2. The learned Judges of the High Court accepted the evidence of three eye-witnesses Raja Sarwar Khan'(P. W. 11), Barkat (P. W. 13), and Samand (P. W. 15) as to the manner in which the murder was carried out. The story of these three witnesses, which was in substantial agreement, was that they, heard a commotion at the dera of one Gahra, that they saw appellants Nos. 2 and 3 beating with sticks Naman who was on the ground, and they saw appellant No. 1, Mamand, grappling with Gahra. The three witnesses ran towards the disturbance, Raja Sarwar Khan and Samand shouting that the assailants should be caught. Before the witnesses reached the spot the three appellants ran away and were chased for some distance by the witnesses and two other men who had come up. Barkat says that appellants Nos. 2 and 3 got appellant No. 1 released from Gahra, In the Sessions Court Gahra gave evidence that the murder was committed, not by the accused, but by five other men; but in a statement which he had made before a Magistrate under Section 164 of the Code of Criminal Procedure he had named the appellants as the assailants and attributed to appellant No. 1 the first blow given to Naman. The learned Sessions Judge fell into an error, not uncommon in criminal Courts in India, of treating the statement made under Section 164 as substantive evidence of the facts stated. The statement could be used to discredit the evidence of Gahra given in Court, but not for any other purpose. In the High Court the learned Judges considered that, in view of the statement under Section 164, Gahra had been won over by the defence, and that his evidence must be entirely ignored. This was the correct attitude. The evidence of the eye-witnesses, which was consistent with the medical evidence as to the cause of death, justified the finding of the High Court that appellants Nos. 2 and 3 were guilty of murder and the only point which really arises on this appeal is whether there was evidence to justify the conviction of appellant No. 1 under Section 302 read with Section 34 of the Indian Penal Code.

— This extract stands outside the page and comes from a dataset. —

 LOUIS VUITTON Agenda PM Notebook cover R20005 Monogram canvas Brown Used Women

3. Section 34 is in these terms:-
When a criminal act is done by several persons, in furtherance of the common intention: of all, each of such persons is liable for that act in the same manner as if it were done by him alone.

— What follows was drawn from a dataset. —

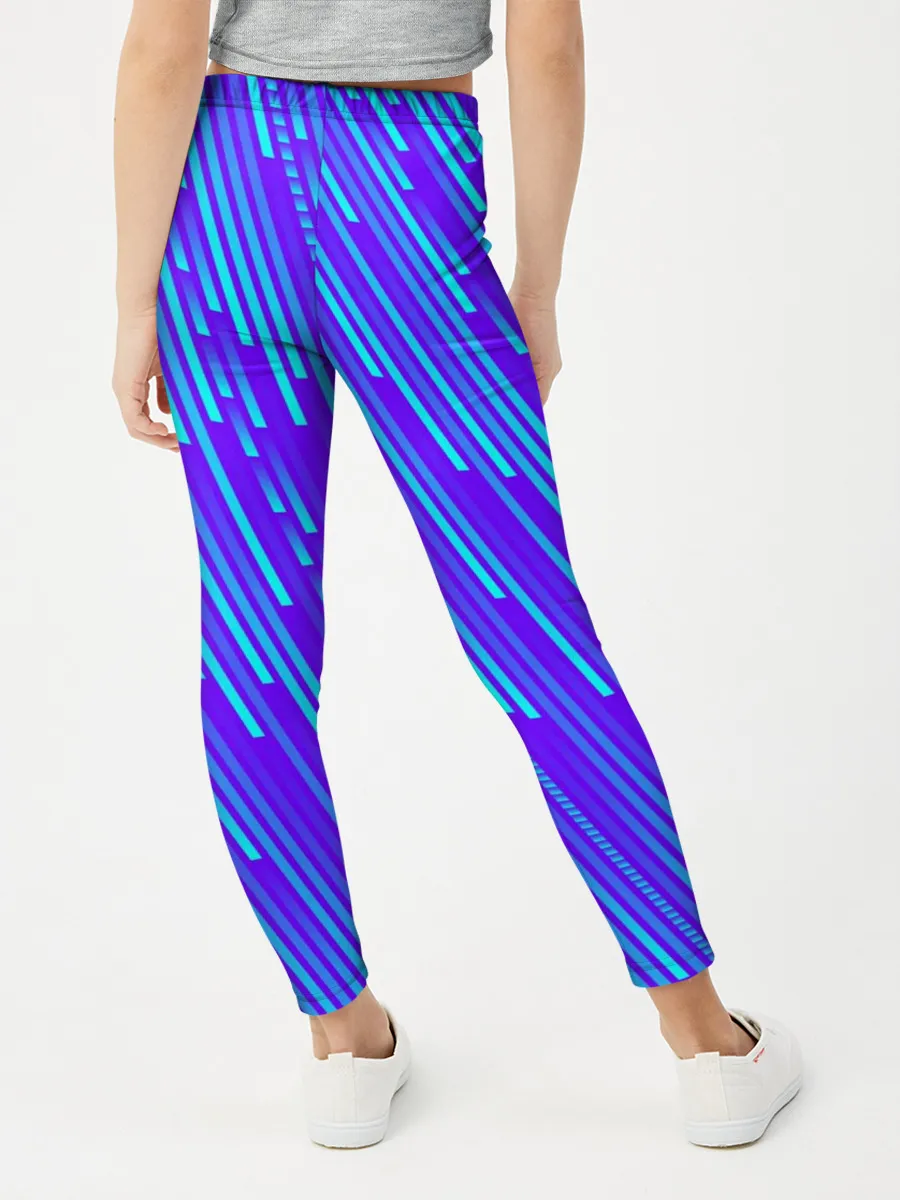 Леггинсы для девочки / Неоновые Линии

4. If the evidence of the three eye-witnesses stood alone, it. could not be said to establish that appellant No. 1, who was merely grappling with Gahra, had formed a common intention with appellants Nos. 2 and 3 to murder Naman. But the evidence did not stand alone. There was evidence on the record, which the High Court accepted, that appellant No. 1 had strong grounds for entertaining feelings of enmity against Naman, grounds based on the relations of appellant No. 1 and Naman with a Muslim girl named Fatima or Phapho; that appellant No. 2, a boy of fifteen, was a younger brother of appellant No. 1, that appellant No. 3 was their tenant, and that all three accused lived at the dera of appellant No. 1. There was also the fact deposed to by the eye-witnesses that after the assault the three accused ran away together; also there was no evidence of enmity between Gahra and Naman. In their Lordships' opinion the evidence afforded ample material upon which the learned Judges of the High Court could hold, as they did, that appellant No. 1 was grappling with Gahra so that he might not rescue Naman from the clutches of appellants Nos. 2 and 3, and this justified the inference that the murder was committed in furtherance of the common intention of all the appellants. There is therefore no reason for interfering with the convictions.